Et pour cause, tous les engagements pris par les autres parties ne sont pas encore réalisés selon le calendrier souhaité, particulièrement le projet de loi organique relative à l’exercice du droit à la grève, la révision de certaines dispositions du code de travail sans oublier également la loi relative aux syndicats professionnels.
Un rétropédalage du patronat ? Pas vraiment, lors de la conférence le président de la CGEM, Chakib Alj, a expliqué que le Conseil d’administration de la confédération avant reçu le jour même le ministre de l’Emploi Younès Sekkouri et a eu un état des lieux sur l’avancement des engagements pris par l’État dans le cadre de l’accord social, qualifié de véritable avancée selon Alj.
« Dans le cadre de cet accord, un calendrier a été établi et un engagement est arrivé à échéance celui d’une deuxième augmentation du SMIG, de la promulgation de la loi sur la grève et la révision du Code du travail. Les entreprises ne sont pas contre la deuxième augmentation du smig contrairement à ce qui a circulé dans la presse », explique le président de la CGEM. Sans pour autant confirmer cette augmentation pour septembre 2023 comme le stipule l’accord social, mais qui sera opéré quand l’État le dira, explique-t-il.
Pour sa part, Hicham Zouanat, président de la commission sociale au sein de la CGEM a réfuté catégoriquement que le patronat soit dans une logique de chantage jugeant l’accord social d’avant-gardiste tout en faisant montre de compréhension des contraintes liées à de telles réformes réglementaires.
Le patronat se dit confiant surtout que le ministre de l’Emploi semble s’être engagé sur un échéancier imminent : quelques jours pour le projet de loi organique relative à l’exercice du droit à la grève, probablement à l’ouverture de la session d’automne et une ouverture du débat sur la réforme du code du travail. L’actuel texte vieux de bientôt 20 ans a présenté trop de concessions tout en précarisant l’emploi, selon Hicham Zouanat, qui s’exprimait lors de la conférence.

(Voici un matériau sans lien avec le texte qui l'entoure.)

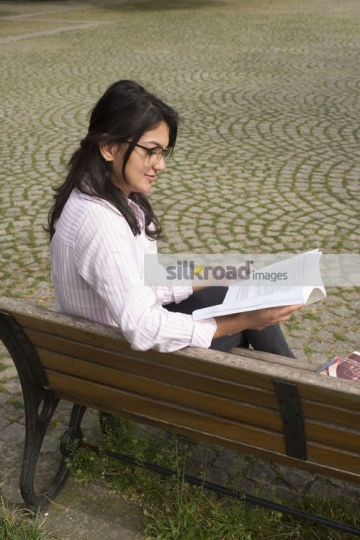 Student sitting on the bench reading a book |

L’accord social d’avril 2022, faut-il le rappeler, a été signé entre l’État, l’Union marocaine du travail (UMT), l’Union générale des travailleurs du Maroc (UGTM), la Confédération démocratique du travail (CDT), et la CGEM. Les syndicats estiment déjà, se référant à l’accord du 30 Avril 2022, que la revalorisation salariale est largement dépassée dans la conjoncture économique actuelle. compte tenu de la persistance des tensions inflationnistes. Ils réclament en conséquence une hausse du salaire minimum entre 10 et 15 % pour un rattrapage de la perte de pouvoir d’achat des revenus des travailleurs.
Que dire si l’échéancier des 5% prévus pour septembre 2023 n’est pas respecté ? Ce qui risque de jeter une ombre sur le round de septembre du dialogue social. Ce qui oblige, d’un côté, le ministre Sekkouri à rapidement mettre le projet de loi organique relative à l’exercice du droit à la grève dans les circuits d’approbation et de démarrer sur les chapeaux de roue le chantier de révision du Code du Travail. Et cela pour rassurer le patronat qu’il ne sera pas le dindon de la face de cet accord.
Et d’un autre, le Chef du gouvernement à essayer de rapprocher les points de vue entre Syndicats et patronat et trouver un terrain d’entente pour éviter l’implosion de l’accord social d’avril 2022 et renforcer le dialogue social désormais institutionnalisé.